• PENSIONSANDSAVINGS.COM

    From Ros Altmann:economist and pensions,
    investment and retirement policy expert

  • pensionsandsavings.com

    Some good news for pensioners but plenty more needed to ensure pension assets do more to boost British growth

    Some good news for pensioners but plenty more needed to ensure pension assets do more to boost British growth

    • Some good news for pensioners but plenty more needed to ensure pension assets do more to boost British growth.

    State Pension Triple-Lock: Very good news that the uncertainty for pensioners is over. The Chancellor has confirmed the full 8.5% ‘triple lock’ earnings uprating promise for next year’s State Pension.

    It would have been very wrong to remove pensioner protection again, after breaking that Manifesto Commitment two years ago. Millions of pensioners (especially women) rely on their State Pensions to make ends meet. Inflation may have halved but is still high. Forecasts that it will fall further are just that, forecasts. Pensioners must not be left out if inflation resurges, as the announced increase will run until April 2025.

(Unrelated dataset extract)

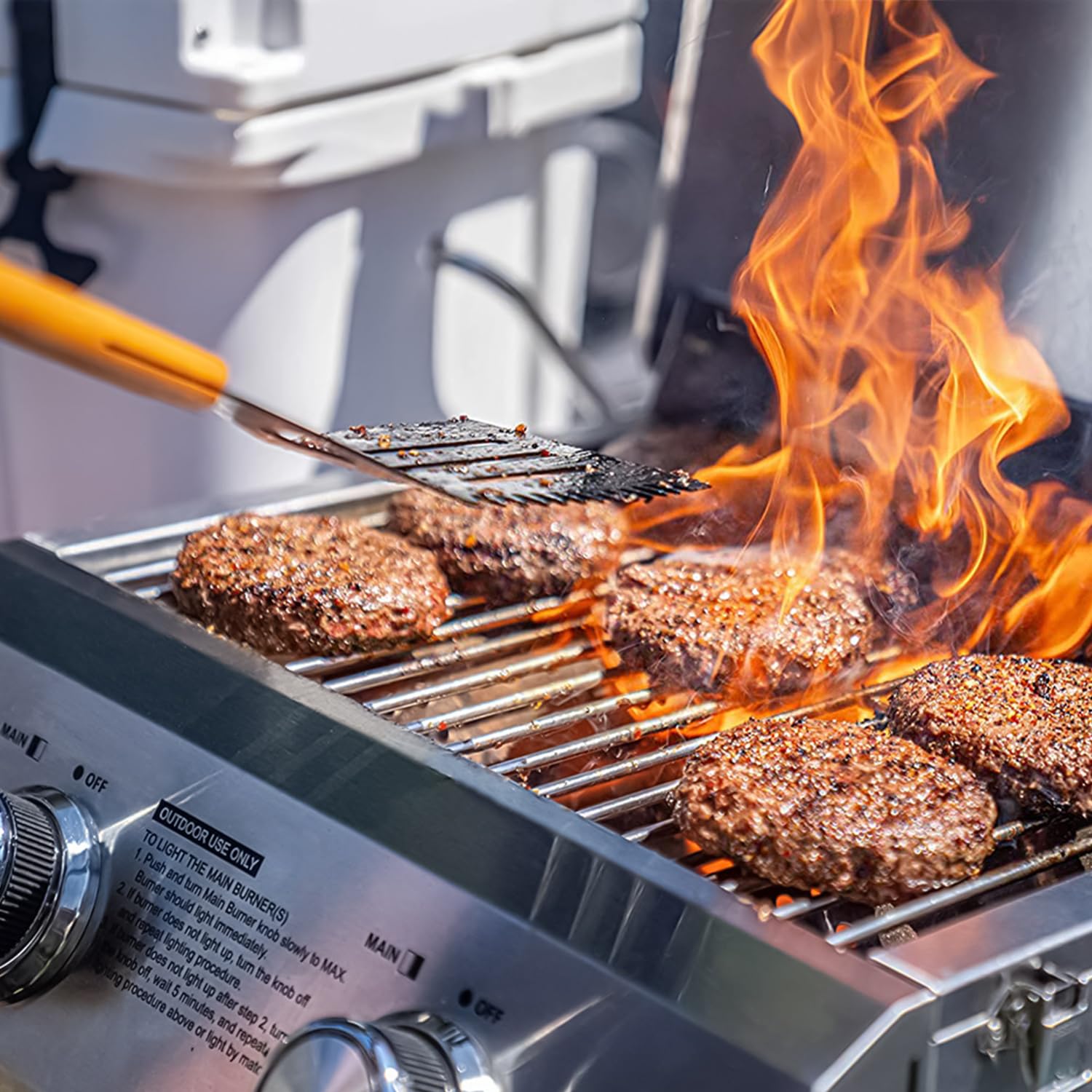Portable Stainless Steel Tabletop Propane Gas Grill for Outdoor Camping, Picnics & Tailgating - Compact Travel Design with Locking Lid & Built-in Thermometer - Perfect for Backyard BBQs, RV Trips & Beach Cookouts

    That is not to say the triple lock pledge in future is the best policy option for pensioner protection. The reality and complexity of our pension system mean it has achieved its original purpose of restoring State Pensions post-1980s losses relative to the rest of society but, in actuallity, it gives lower increases to the oldest and poorest pensioners which is not just.  I believe a comprehensive, cross-party review of State Pension uprating is needed, investigating better ways to control costs rather than just scrapping the triple lock.

    important reforms for UK pensions: The Chancellor’s Autumn Statement also announced important reforms for UK pensions.  Using pension assets to boost domestic growth, as well as backing British companies, are all important measures for our country’s post pandemic and post Brexit future. Measures to improve supply-side by supporting entrepreneurs, cutting business taxes, bringing in foreign direct investment and backing future technologies, are all welcome measures.

    Despite disappointment about the absence of widely-anticipated measures to ensure ISA savers do more to back British growth, the Chancellor clearly intends to direct more taxpayer funding into UK start-ups and small businesses from pension investors. This is a welcome change which takes the opportunity to direct pension funds into domestic assets, rather than potentially all being invested abroad. At a time when boosting sustainable growth and reviving British financial markets are so important, this is good news.

    The Chancellor’s announcements to establish special Growth Funds, Long-Term Asset Funds and other collective asset pools that will allow pension investors to directly support growth and the new technologies of the future, were confirmed. The funds will mean pension investors can diversify into these types of investments, taking advantage of specialist expertise and scale which they may not individually have.

    Overall, the Autumn Statement could bring better incomes in future from both State and Private pensions. Britain’s pension system was once the envy of the world – perhaps these measures can pave the way for future reforms to restore such former glory.